In another cartoon by Makhlouf, a fireman moseys across the frame, tangled hose in hand. The hose spells out, “Cairo Fires.” Walking not running, the bumbling firefighter insinuates that government failures have hastened calamity.
* * *
It is midafternoon on a Friday, usually a quiet time for the city. I hail a taxi to Attaba.
“The most difficult neighborhood of Cairo,” says the driver. “At any time, morning or night, there’s traffic.” Normally, I wouldn’t quote a taxi driver in an article, but who is a better expert on traffic?
The gridlock tends to begin blocks away from Attaba, in Opera Square, where the ostentatious theater was located from 1869 until it burnt down in 1971. Amid a symphony of honks and the punctuation of a jackhammer, I exit the cab.

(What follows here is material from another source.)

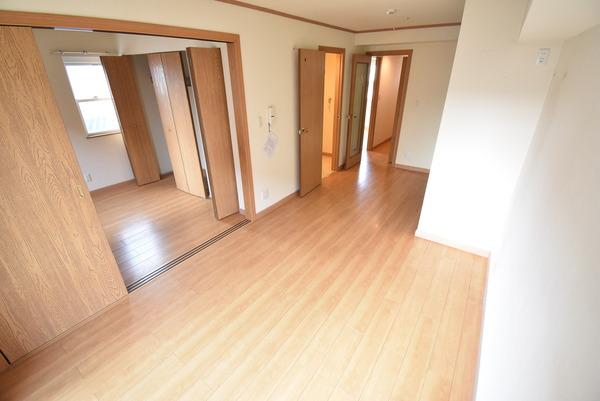 居室・リビング　同物件別室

I cross three lanes of gridlocked cars, sidestepping motorcycles splitting through the lines of traffic. Young boys unload bags onto a pavement lined with fake flowers and pastel comforters, before a lineup of minibuses with navigators sticking their heads out of the passenger windows and urging passersby to hop on. On the sidewalk in front of the historic post office, shoes, suitcases, neon colored toys are meticulously spread out. A sandwich cart in the middle might offer a quick snack en route to more shopping.
Today I don’t need a new wallet. I am not here for socks or sandals (neither plastic nor leather); no stuffed animals, track pants, or bifocals for me. I want to see how the center of Attaba looks three weeks after the fire.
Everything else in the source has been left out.